When Kraftwerk Issued Their Own Pocket Calculator Synthesizer — to Play Their Song “Pocket Calculator” (1981)

Kraftwerk put out their eighth studio album in 1981, and they titled it presciently: Computer World was released into what humanity had only just begun to realize would become a world of computers. But back then, most people either had never used a computer at all, or had used no computer more advanced than a pocket calculator. But the boys from Düsseldorf had a song for them too: the album's first single "Pocket Calculator." And it wasn't just a name: the Casio fx-501P programmable calculator appeared on the list of "instruments" used in its recording.

Kraftwerk had become world-famous by the early 1980s, and on the international music scene they parodied the stiff, precision-obsessed German stereotype to perfection. You'd think that they would thus demonstrate allegiance to the formidable Dieter Rams-designed Braun ET55 calculator, but by the time Computer Love came out, Japanese companies like Casio had come to dominate the personal-electronics market. Kraftwerk even recorded a Japanese version of "Pocket Calulator," "Dentaku," along with ones in German ("Taschenrechner"), French ("Mini Calculateur"), and Italian ("Mini Calcolatore").

"I'm the operator with my pocket calculator," go the song's English lyrics. "I am adding and subtracting. I'm controlling and composing." And whichever language you listen to it in, it has a line equivalent to, "By pressing down a special key, it plays a little melody."

Kraftwerk actually commissioned as a promotional item a special calculator from Casio that could do just that, a version of the company's VL-80 model that was also a musical synthesizer. You can see and hear the basic, non-Kraftwerk model demonstrated in the video above. Casio, a name that in the music world would become a byword for simple, inexpensive synthesizers, had already brought to market in 1979 the VL-1, the first commercial digital synthesizer (which itself included a calculator function).
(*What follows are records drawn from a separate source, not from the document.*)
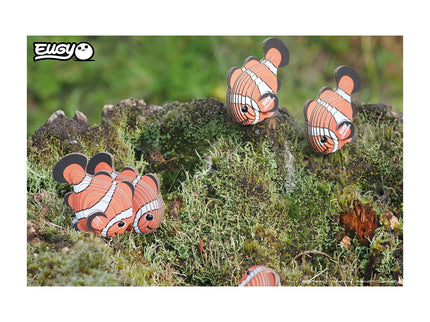 Eugy - 3D Bastelset Clownfisch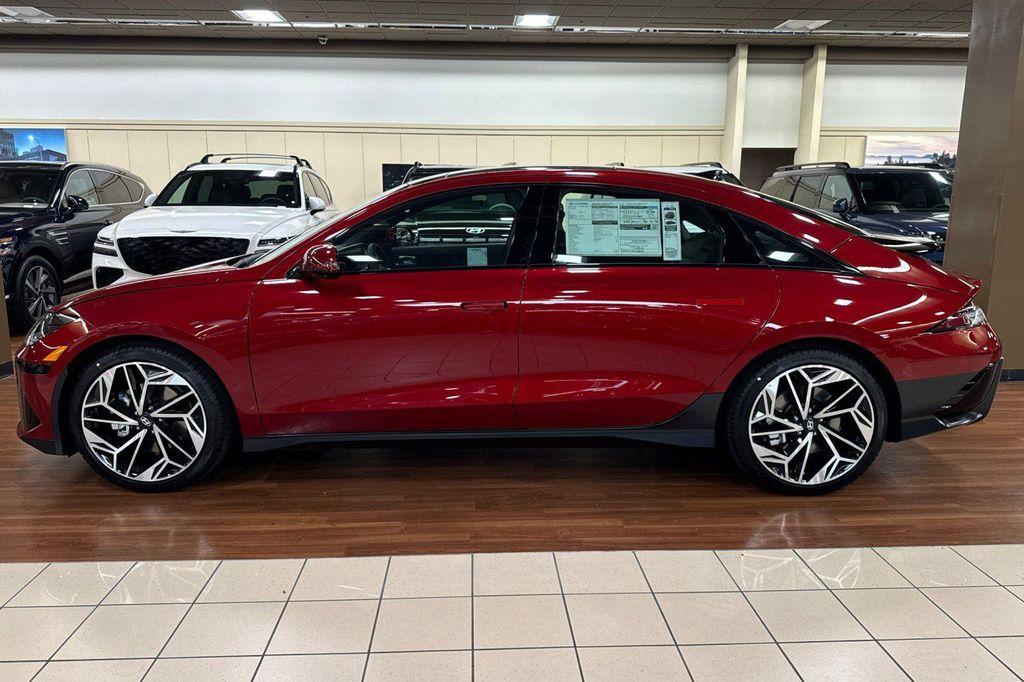 new 2025 Hyundai IONIQ 6 car, priced at $43,320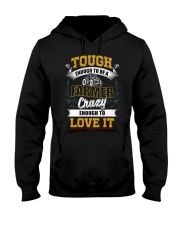 FMV - Crazy Enough To Love Farming Hooded Sweatshirt tile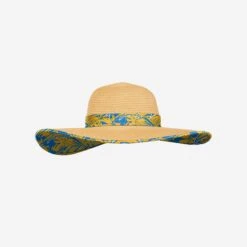 FOCO Los Angeles Chargers Womens Floral Straw Hat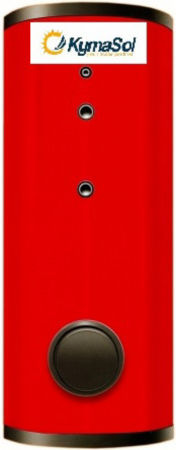 KymaSol Boiler Λεβητοστασίου Glass 750lt με δύο Εναλλάκτες Τριπλής Ενέργειας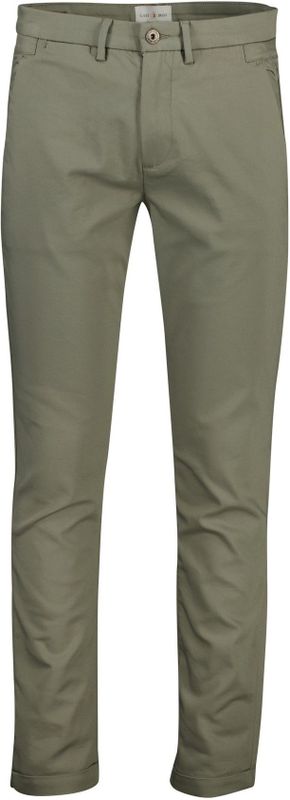 Cast Iron - CTR2502600 - Chino Broek - Groen - Katoen/Polyamide/Elastaan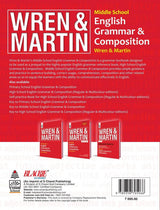 S Chand Wren & Martin's Middle School English Grammar and Composition - Latest (2026 - 2027) Edition | Comprehensive Grammar Rules, Exercises, Composition Writing & Practice Questions for Middle School Students | Competitive Exam Support - S Chand School - Retail Maharaj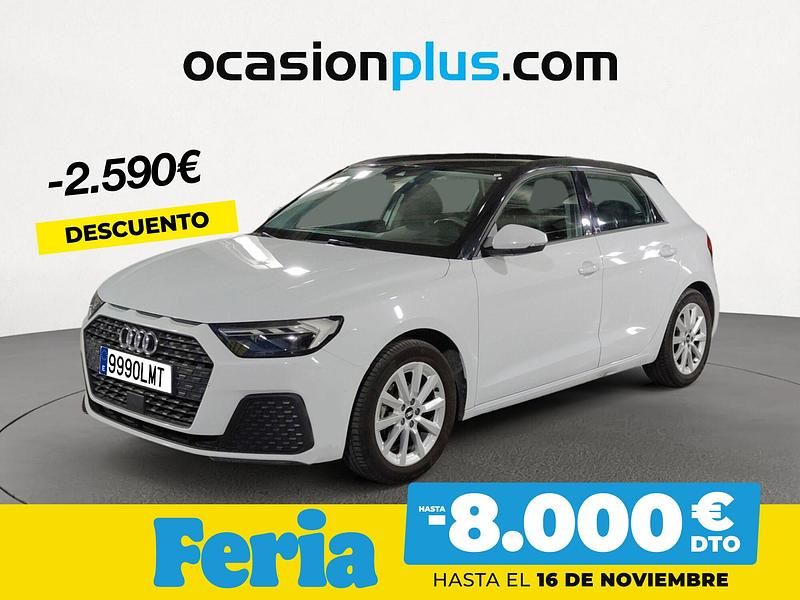 Blanco Usado 2021 Audi A1 Advanced Plus Utilitario | 17.490 € (Precio justo) - Imagen 1/4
With a Kraftwerk taschenrechner, even those without technical or musical knowledge, let alone a full-fledged synthesizer, could make music. "Kraftwerk was eager for fans to play Kraftwerk hits on their own calculators," writes Dangerous Minds' Martin Schneider, "so they issued these special instructions — OK, let’s call it 'sheet music' — to play not just the new material but also classics like 'Trans Europa Express' and 'Schaufensterpuppen.'" Today, Kraftwerk continues to perform all over the computer world in which we now live. With the 40th anniversary of Computer World approaching, perhaps the time has come to bring the calculators back on stage.

(via Dangerous Minds)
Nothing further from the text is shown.